Pescara - Puntuale e in splendida forma, accolto da un caloroso applauso studentesco in pausa ricreazione. E' iniziata così la mattinata pescarese del giornalista e presentatore televisivo Michele Cucuzza, giunto presso L'ITC Acerbo per la presentazione del suo ultimo libro “Fuori dalla rete, diario on line”.

La conferenza stampa, ricordiamo, rientra nell'ambito del progetto “La qualità della formazione nel prestigio della tradizione” che vede impegnate le istituzioni scolastiche.

Qualche saluto di rito, una veloce chiacchierata con Preside e insegnanti e via subito in quella che è stata una full immersion tecnologica nella rete di internet. L'evento è stato organizzato dalla 'CoverZone' che si occupa di curare l'immagine dei personaggi del mondo dello spettacolo.

Ad aprire l'incontro la Preside dell' Istituto, AnnaTeresa Rocchi che ha ringraziato tutti i presenti all'incontro ed ha esposto brevemente il motivo dell'incontro per passare subito parola a Viviana Bazzani, sociologa, psicologa e poliziotta in pensione, reduce dall'esperienza del reality 'L'isola dei famosi'. Lei, che ha vissuto l'esperienza dell'isola, appunto, vede la nuova realtà televisiva chiaramente sotto un' altro aspetto: “Chi partecipa ad un reality viene preso per un deficiente”. Queste le prime parole uscite dalla bocca della Bazzani. Qualche breve accenno alla sua eperienza in polizia nel Reparto Volanti di Pescara e Roma; una frase detta con convinzione ecco che scatena un altro applauso scrosciante: “Non ho mai fatto una multa ad un ragazzo in motorino senza casco, le multe gravano sul bilancio della famiglia monoreddito”.

A questo punto la palla passa a Cucuzza che subito inizia a parlare di poli positivi e negativi, di rete, di blog, e dei nuovi mezzi di comunicazione. “Gli italiani leggevano poco, guardavano tanta televisione, ora si legge di più, si scrive di più, si comunica di più”.

L'idea del libro nasce dall'esigenza di raccogliere le innumerevoli contenuti della rete in pagine da sfogliare. Lettere, commenti, suggerimenti e sfoghi hanno dato vita a questo diario.

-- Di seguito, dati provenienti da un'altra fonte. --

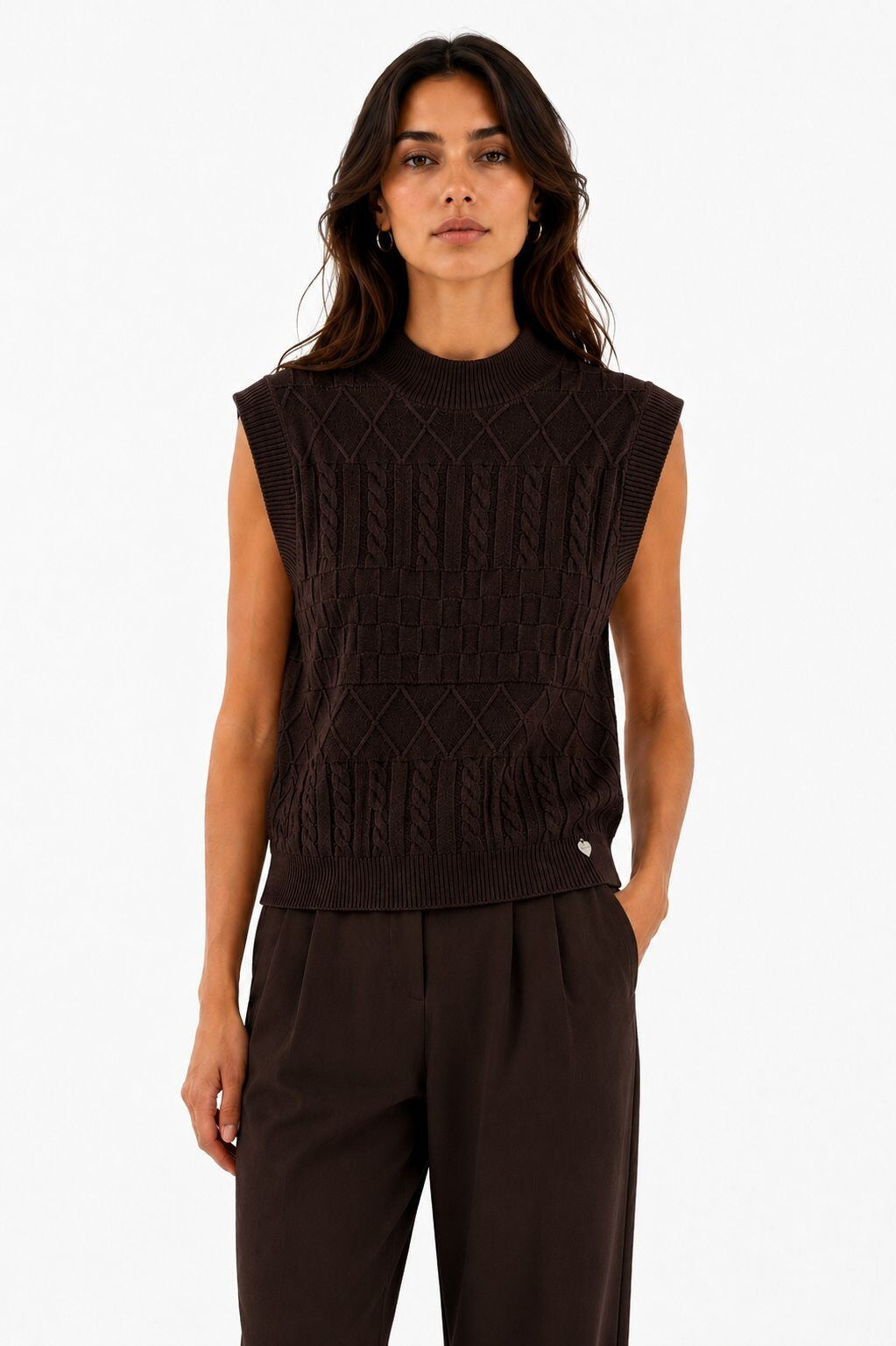 LUJKT1 Dark Brown Jacquard Knit Tank Top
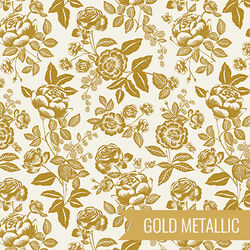 English Rose in Cream and Gold Metallic
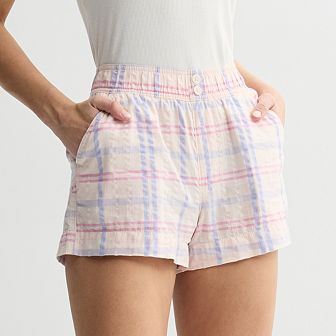 Juniors' SO® Seersucker High Rise Elastic Waist Shorts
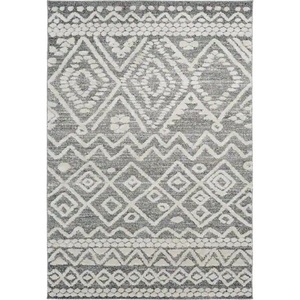 Bazaar Adia WhiteGrey 5 ft. x 7 ft. Geometric Polypropylene Area Rug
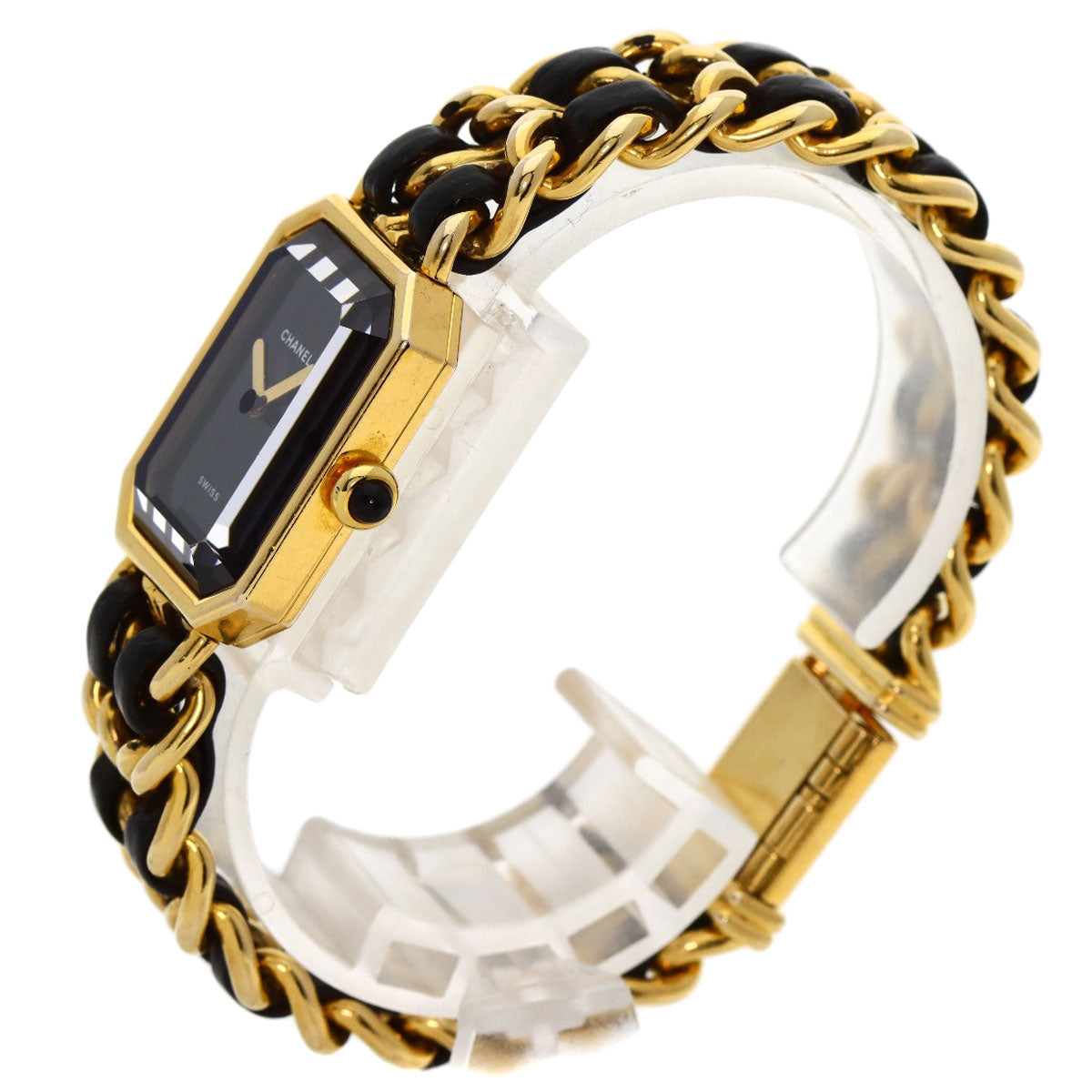 CHANEL Watches Quartz H0001 Gold Plated, Leather xGP gold Premiere black dial Women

Presente inoltre alla fine del libro, la fitta corrispondenza virtuale tra Cucuzza e una 30enne precaria 'Lo So Lo', aspirante giornalista, che ha raccontato le sue vicissitudini riuscendo ora ad essere collaboratrice di alcune testate grazie proprio alle lettere inviategli.

Perchè oggi si parla in termini informatici, siamo in qualche modo tutti 'connessi' a qualcosa o a qualcuno, tralasciando però spesso, i rapporti più stretti. Un abbraccio virtuale non sarà mai come un abbraccio reale. Ma ormai facciamo parte tutti dello stesso mondo, tutti di quel mondo virtuale che, volente o nolente, ci trascina in un vortice dal quale poi, è difficile uscire.